Culturally satiated? I was when I ducked inside with my husband Tristan: lunch at Kosinitza is his birthday treat. Newspaper clippings and artworks share space on the restaurant’s saffron walls, while the heavy cutlery on each table could hail from an aristocratic granny’s kitchen. We are lucky enough to be the only patrons, as I’d reserved the whole restaurant for Tristan’s birthday (or so I may have claimed), and received owner-cum-waiter-cum-sommelier İbrahim’s undivided attention.

Pacing ourselves with a slow mental translation of the exclusively Turkish menu, we ordered five mezes to share: artichoke hearts stuffed with broad beans; stewed octopus and pearl onions; white beans and squid; sea bream topped with caramelised onions; and vine leaves wrapped around sweet sardines. (Note that the usual pick-and-mix display of mezes may not be laid out at lunchtime, although all can be ordered off the menu.) İbrahim recommends a few different wines from an extensive list; we settle on a crisp local white (10 TL a glass).

The mezes arrive. We spoil the pretty presentation with enthusiastic abandon: each small bowl is unctuous; each one has a loud lip-smacking quality.

Often struck by a case of severe over-ordering – eyes bigger than both our stomachs and then some – we try to keep our meal light with a bowl of chunky balık çorbası (fish soup) and a crispy Catalan salmon and seafood casserole. The former is excellent, the latter a little creamier than we had anticipated.
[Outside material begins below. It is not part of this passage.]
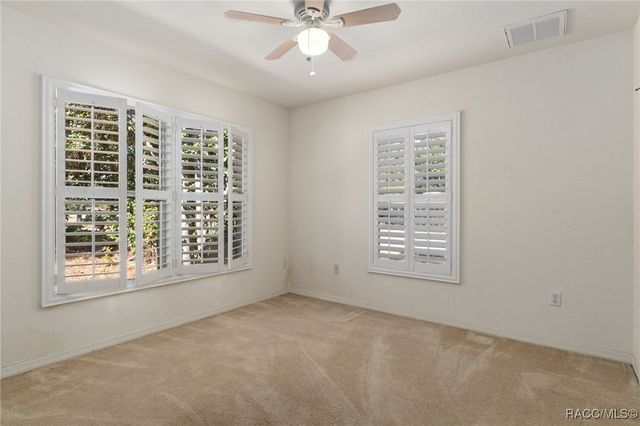 10 Daisy Street, Homosassa, FL 34446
We linger over tea before paying the very-reasonable-for-a-special-occasion bill (83 TL including wine).

Although Kosinitza calls itself an Italian trattoria and offers a range of pasta dishes, as well as Marseille-style bouillabaisse (fish stew), gratinéed scallops and a shrimp “marmite,” what the restaurant really does best are its traditional yet innovative Turkish dishes. As of late September 2009, Kosinitza also added a new range of dishes to their menu (unsampled for the moment, but my birthday’s on the horizon…).

Address: İcadiye Caddesi, Bereketli Sokak 2/A, Kuzguncuk
Telephone: 216-334-0400
Web: www.kosinitzarest.com [2]

(photo by Kathryn Tomasetti)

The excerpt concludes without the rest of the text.